Thursday, August 7, 2008

It’s a great time to invest in machine vision

As I write (August 2008), stock in Cognex is trading at a whisker over $19 a share, yet early in June it was nudging $30. Four years previously it was at $37. Has this precipitous decline come about because the market suddenly determined that Cognex is run by nincompoops?

Of course not. In fact, judging by the results at the half year, (
Q2 2008, opens as a pdf,) Cognex is extremely well run. Poor Dr.

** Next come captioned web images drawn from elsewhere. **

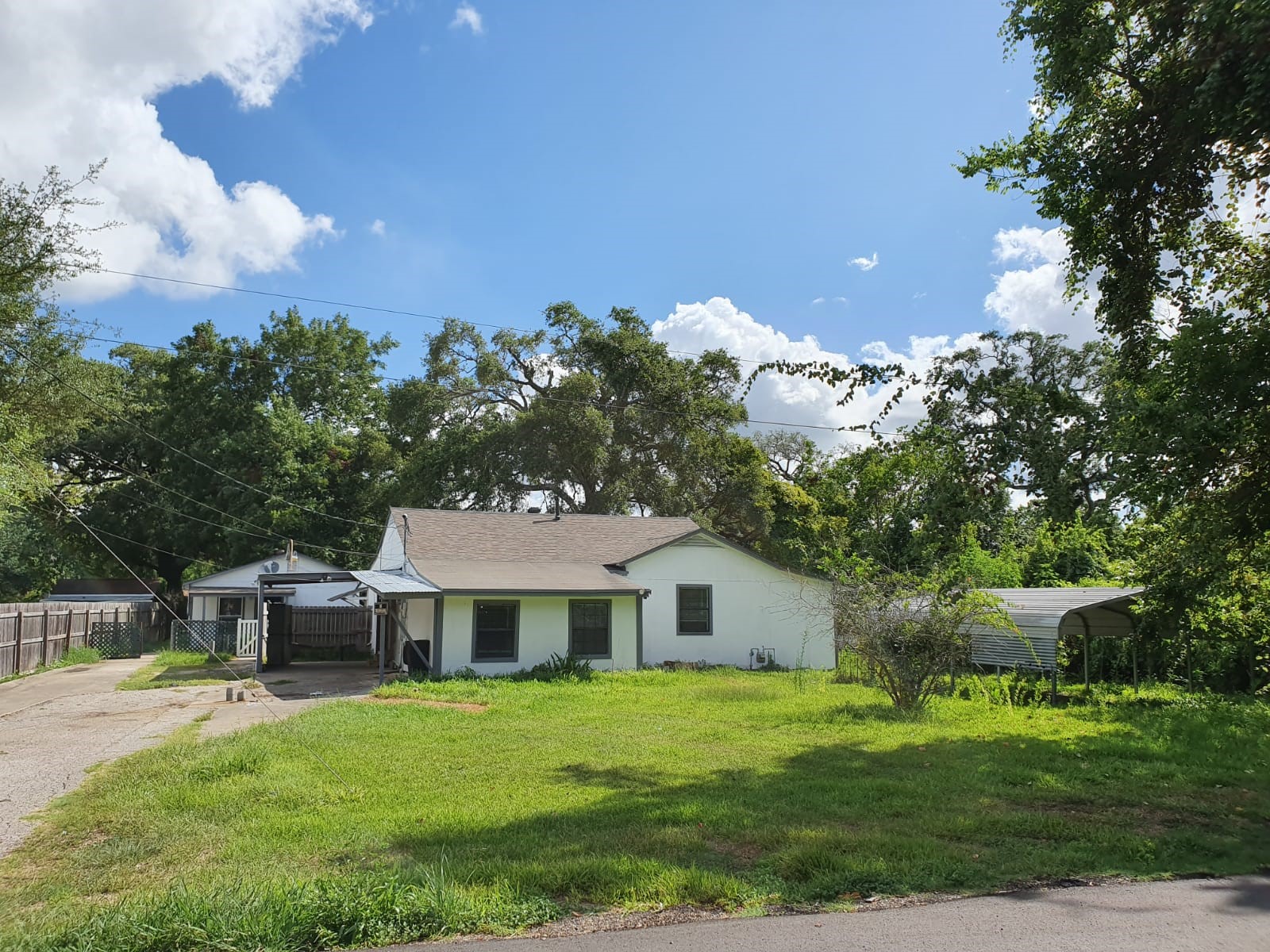 1272 Pecan Street Property Photo 4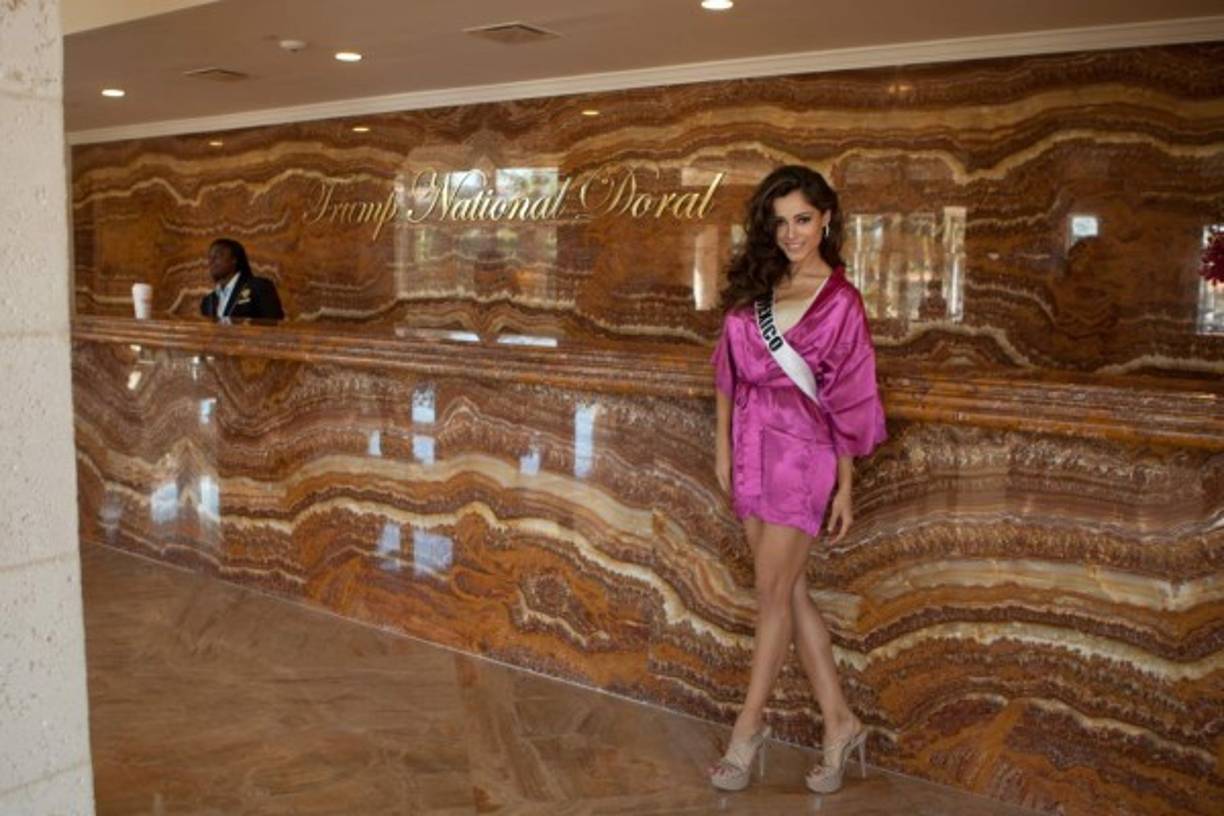 La flamante reina azteca ha paseado su belleza por los ambientes del Trump National Doral Hotel en Miami.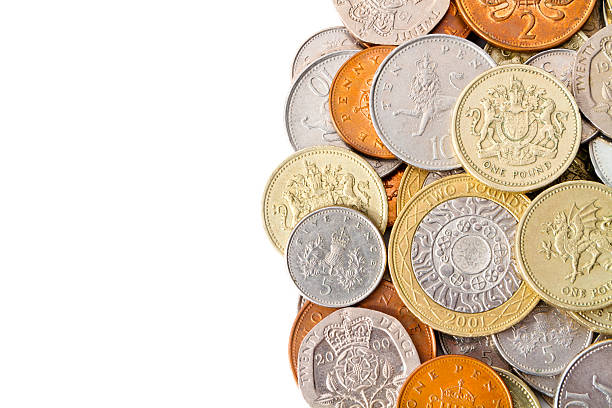 haufen von moderne britische münzen mit weißen textfreiraum - coin british currency british coin stack stock-fotos und bilder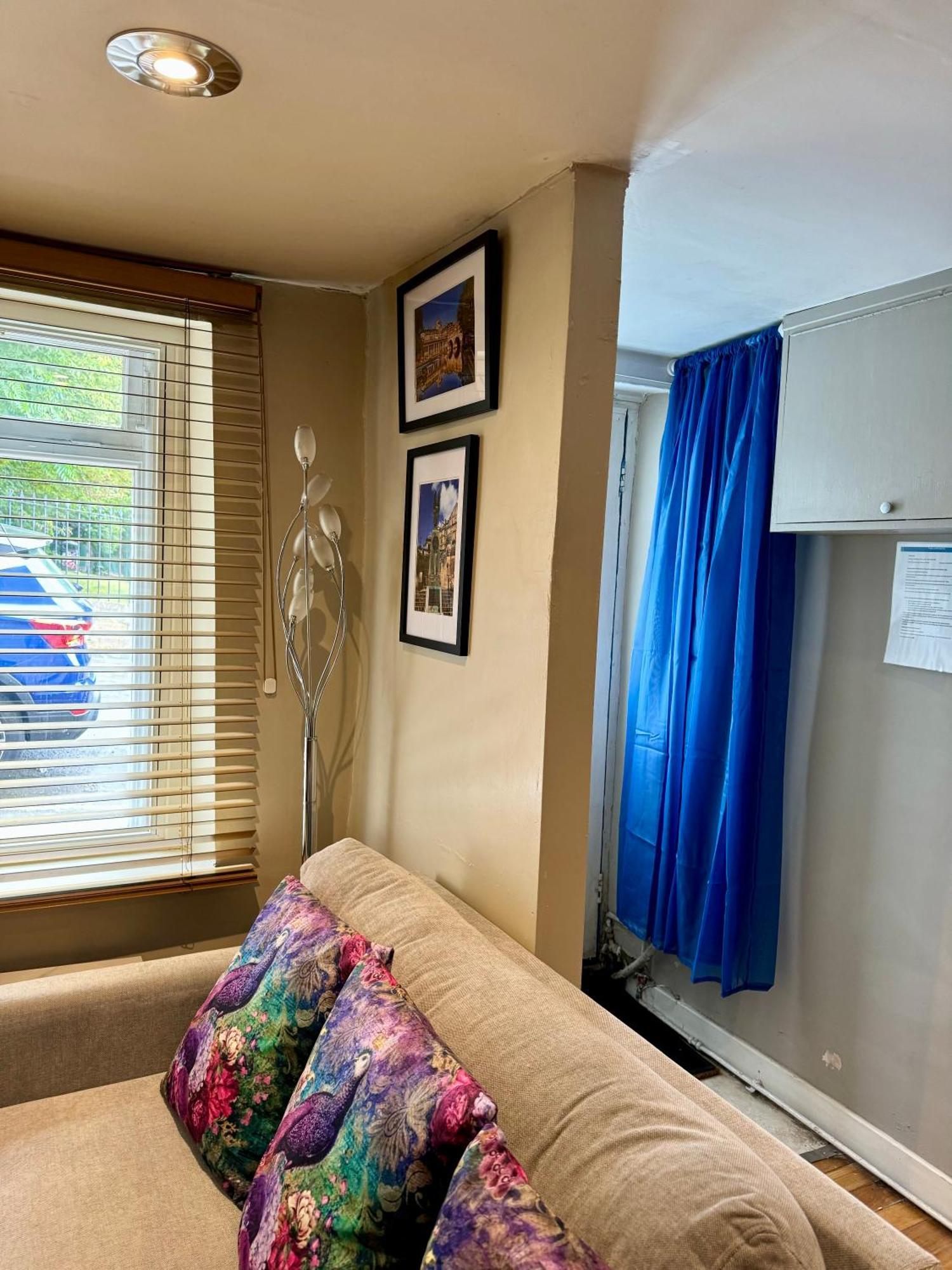 Beautiful Townhouse Next To Royal Victoria Park And Botanical Gardens Within Easy Walking Distance To Bath City Centre Exterior photo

Shillman must be tearing his hair out and wondering just what he has to do to impress the investor community.

Look at the numbers: revenue (sales) is up 21% from the first half of ’07 while income (profit) is up an astounding 101%. Those are results to make the oil companies jealous.

So what’s going on?

First, Dr. Shillman is gloomy about the second half of 2008, anticipating that slowing in the US will become more widespread. That’s a gentle way of saying that we shouldn’t expect full year results to be quite so dramatic.

Second, I believe there’s a big question over where future growth is going to come from. Yes, the market for industrial inspection will, in the longer term at least, continue to grow, although much of that growth will be in India and China. And as that’s unlikely to be double digit growth, I question whether investors will be satisfied.

No, the answer has to be either acquisitions, (and they have the cash for that,) or new products, possibly in new, albeit related, markets. I noticed that Cognex have ramped up R&D expenditure, so it appears that perhaps they’ve reached a similar conclusion.

So what should we be expecting from Big Yella? Let’s hear your thoughts.